My friends are the best. Most people don’t put up with rambling, half-formed ideas, but mine generally entertain them, even though they haven’t read the books I’m talking about. I’m really grateful for this, as describing things really helps me sort them out in my head. The blank look and continued chewing meant that this was once again one of those times. Whatever.
“Basically, dialectics are a method of finding the truth in a threefold process: First, a ‘thesis’ is presented, which makes some sort of statement about the world. Then, the ‘antithesis’ contradicts it in some fashion. Finally, a ‘synthesis’ is found which resolves the tension between the two opposing sides. It’s a really interesting way of looking at the world; I’ve found it’s way easier to find things that totally contradict each other than I thought. Synthesis is really hard, though. Think about a trial, for example: the story of the plaintiff is told, then the story of the defendant, then the jury figures out what actually happened. There’s three sides to every story.”
Last week, I flipped over the handlebars of a bike. I was pumping as hard as I could, trying to make the light before it turned red, and the chain couldn’t take the tension any longer. It popped off, went between the back wheel and the frame, and stopped it cold. A few seconds later my eyebrows were scraping across the pavement. Lots of blood, but no serious injuries. I’m going to have a few sweet scars, though…

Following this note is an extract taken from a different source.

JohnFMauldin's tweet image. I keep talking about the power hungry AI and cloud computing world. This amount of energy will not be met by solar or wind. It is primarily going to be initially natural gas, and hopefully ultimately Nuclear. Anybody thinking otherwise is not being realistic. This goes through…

"Anyway, we were talking about feelings and ways people act before, but it’s true of physical bodies as well. Sometimes, accidents happen, and before you can even react, you’re dead. Other times, you escape with very little damage. We’re simultaneously incredibly vulnerable and almost impervious. Some people get in a bike accident and their life is forever changed. Other times, like me last week, you get away with a few scrapes. Once I fell about 8 feet onto my knees. Landed right on some pavement. I walked away 5 minutes later, didn’t even have bruises. I still have no idea what the fuck happened there.
I still haven’t found the synthesis yet."

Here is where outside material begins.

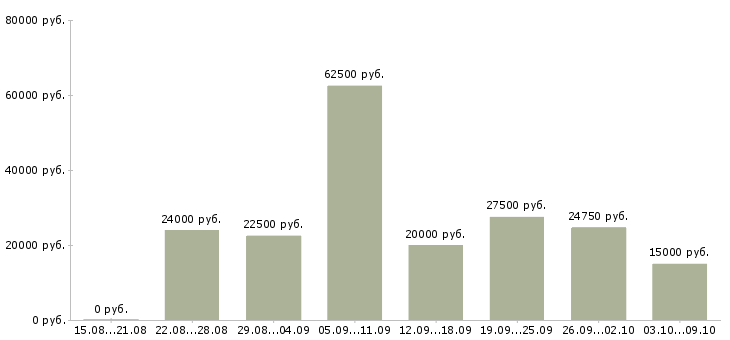 Вакансии менеджер по работе с клиентами в Бийске - Медиана зарплат менеджер по работе с клиентами в Бийске за 2 месяца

After lunch, it’s time to bike home. It’s about 15 miles, which I can do pretty much at the drop of a hat nowadays. I really enjoy biking up Santa Monica Boulevard, but I hate it, too. It’s nice and broad, with two lanes, a bunch of green in the middle, and some bike lanes. Of course, it isn’t all like this, but much of it is. Especially on a day like today, around noon, it’s really pretty in places.
So I’m about 8 miles into my trip, and the next thing I know, I’m on the ground. Here’s the basic problem:
Yeah. Bike lanes don’t help if someone wants to turn right. When alongside cars, it’s very, very important to keep alert for two things: Open doors from parked cars, and drivers who don’t use their turn signals. A few weeks ago, I almost got hit by someone in this same exact way, just a few blocks down the street. I was paying close attention, and actually guessed that they were going to turn before they did. Free driver psychoanalysis done here! But more seriously, this was in the middle of the block. This guy saw that there was a space at this parking garage, hit his breaks and turned right without looking.
“YOU STUPID MOTHERFUCKER! WATCH WHERE THE FUCK YOU’RE GOING, YOU’RE GOING TO FUCKING KILL SOMEONE! JESUS!”
I ran a systems diagnostic check, and I was good, but enraged. Some pedestrians were screaming, and one ran over and asked if I was okay. “I said, yes, thank you, at least until this guy fucking kills me or someone else,” got back on my bike, and drove off.
At least my handlebars gave him a big long scratch the whole way up his car. Fucker.
There’s also something else interesting in this story as well: Generally, in a car/human interaction, I am the squishy one, and the car is the tank. Yet, in this particular interaction, I basically escaped unscathed, while the car took some damage. Once again, life is surprising, producing an inversion of the expected circumstances.
Anyway, if you drive a car, please, please, please watch what you’re doing. Pedestrians and cyclists don’t have thousands of pounds of metal surrounding them. Cyclists, please stay safe; it’s a jungle out there.
Ultimately, life is made out of these little incidents. Each moment to the next, you have no idea what’s going to happen. It’s exciting, scary, and sloppy. But that’s what makes it interesting. And you also don’t know when it’s going to end.